— Task item —
When you reach the line containing "7806 | Burlington" in the data below, begin returning lines exactly as written, and stop once the line containing "LEONLITE 3CCT Low" has been returned.

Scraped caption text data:
• • •

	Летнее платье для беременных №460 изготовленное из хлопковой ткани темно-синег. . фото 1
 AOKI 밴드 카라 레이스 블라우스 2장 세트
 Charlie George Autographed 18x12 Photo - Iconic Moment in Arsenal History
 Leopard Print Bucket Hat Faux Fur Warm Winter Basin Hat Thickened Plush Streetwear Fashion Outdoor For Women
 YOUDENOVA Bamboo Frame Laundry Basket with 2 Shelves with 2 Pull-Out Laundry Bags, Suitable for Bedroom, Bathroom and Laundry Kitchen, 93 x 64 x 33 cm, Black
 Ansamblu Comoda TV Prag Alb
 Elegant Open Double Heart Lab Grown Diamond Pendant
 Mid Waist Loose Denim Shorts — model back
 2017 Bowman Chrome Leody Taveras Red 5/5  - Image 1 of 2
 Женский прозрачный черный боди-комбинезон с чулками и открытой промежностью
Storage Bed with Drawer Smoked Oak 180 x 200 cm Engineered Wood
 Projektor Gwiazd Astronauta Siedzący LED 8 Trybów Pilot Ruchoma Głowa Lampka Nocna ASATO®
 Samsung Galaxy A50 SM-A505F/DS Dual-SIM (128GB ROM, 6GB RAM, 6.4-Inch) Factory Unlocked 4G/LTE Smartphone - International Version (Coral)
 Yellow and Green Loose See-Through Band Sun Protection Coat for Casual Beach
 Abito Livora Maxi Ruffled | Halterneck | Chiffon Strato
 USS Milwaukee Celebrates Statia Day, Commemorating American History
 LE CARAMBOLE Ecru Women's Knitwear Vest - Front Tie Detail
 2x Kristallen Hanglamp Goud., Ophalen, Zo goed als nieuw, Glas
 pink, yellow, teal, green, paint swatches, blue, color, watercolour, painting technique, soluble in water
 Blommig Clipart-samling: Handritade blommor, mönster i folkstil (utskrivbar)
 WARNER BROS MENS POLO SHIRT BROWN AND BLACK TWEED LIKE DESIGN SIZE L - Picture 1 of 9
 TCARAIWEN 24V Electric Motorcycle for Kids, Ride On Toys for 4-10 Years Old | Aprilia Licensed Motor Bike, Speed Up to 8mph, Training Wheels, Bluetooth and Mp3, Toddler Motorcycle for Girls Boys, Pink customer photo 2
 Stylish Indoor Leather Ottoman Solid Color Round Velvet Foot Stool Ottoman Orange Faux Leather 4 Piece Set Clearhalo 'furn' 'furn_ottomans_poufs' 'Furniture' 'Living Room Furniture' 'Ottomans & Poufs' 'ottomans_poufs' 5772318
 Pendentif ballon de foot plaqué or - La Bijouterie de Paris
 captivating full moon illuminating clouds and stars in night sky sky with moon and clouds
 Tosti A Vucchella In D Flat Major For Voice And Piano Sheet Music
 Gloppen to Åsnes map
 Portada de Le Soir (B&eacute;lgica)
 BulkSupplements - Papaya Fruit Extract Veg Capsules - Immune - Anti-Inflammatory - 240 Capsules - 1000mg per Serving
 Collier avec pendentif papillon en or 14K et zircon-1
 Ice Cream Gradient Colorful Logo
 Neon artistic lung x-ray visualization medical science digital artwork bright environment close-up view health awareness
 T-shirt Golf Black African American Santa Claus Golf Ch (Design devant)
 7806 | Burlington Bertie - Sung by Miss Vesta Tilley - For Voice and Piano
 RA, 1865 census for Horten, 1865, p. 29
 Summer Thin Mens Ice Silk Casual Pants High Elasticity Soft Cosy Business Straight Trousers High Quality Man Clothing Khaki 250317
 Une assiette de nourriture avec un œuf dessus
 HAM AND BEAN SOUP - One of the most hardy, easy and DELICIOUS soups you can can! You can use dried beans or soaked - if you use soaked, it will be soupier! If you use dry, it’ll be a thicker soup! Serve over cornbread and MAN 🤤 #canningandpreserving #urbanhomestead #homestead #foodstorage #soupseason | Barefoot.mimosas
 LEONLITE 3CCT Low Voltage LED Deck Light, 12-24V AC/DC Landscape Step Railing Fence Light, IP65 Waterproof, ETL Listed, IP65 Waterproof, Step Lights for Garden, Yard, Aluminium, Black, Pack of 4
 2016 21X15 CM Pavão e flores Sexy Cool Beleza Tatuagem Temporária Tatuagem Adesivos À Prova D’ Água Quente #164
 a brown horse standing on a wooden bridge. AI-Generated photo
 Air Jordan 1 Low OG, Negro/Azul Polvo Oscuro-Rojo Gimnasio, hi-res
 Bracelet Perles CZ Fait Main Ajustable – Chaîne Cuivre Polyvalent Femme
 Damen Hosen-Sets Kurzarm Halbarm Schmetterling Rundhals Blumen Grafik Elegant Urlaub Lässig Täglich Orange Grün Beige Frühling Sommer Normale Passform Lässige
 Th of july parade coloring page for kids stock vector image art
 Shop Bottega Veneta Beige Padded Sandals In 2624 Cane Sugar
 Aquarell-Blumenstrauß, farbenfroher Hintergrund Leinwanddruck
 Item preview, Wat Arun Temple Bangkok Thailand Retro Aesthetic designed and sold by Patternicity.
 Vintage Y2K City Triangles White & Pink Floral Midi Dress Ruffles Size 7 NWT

• • •

— Finished exercise —
 7806 | Burlington Bertie - Sung by Miss Vesta Tilley - For Voice and Piano
 RA, 1865 census for Horten, 1865, p. 29
 Summer Thin Mens Ice Silk Casual Pants High Elasticity Soft Cosy Business Straight Trousers High Quality Man Clothing Khaki 250317
 Une assiette de nourriture avec un œuf dessus
 HAM AND BEAN SOUP - One of the most hardy, easy and DELICIOUS soups you can can! You can use dried beans or soaked - if you use soaked, it will be soupier! If you use dry, it’ll be a thicker soup! Serve over cornbread and MAN 🤤 #canningandpreserving #urbanhomestead #homestead #foodstorage #soupseason | Barefoot.mimosas
 LEONLITE 3CCT Low Voltage LED Deck Light, 12-24V AC/DC Landscape Step Railing Fence Light, IP65 Waterproof, ETL Listed, IP65 Waterproof, Step Lights for Garden, Yard, Aluminium, Black, Pack of 4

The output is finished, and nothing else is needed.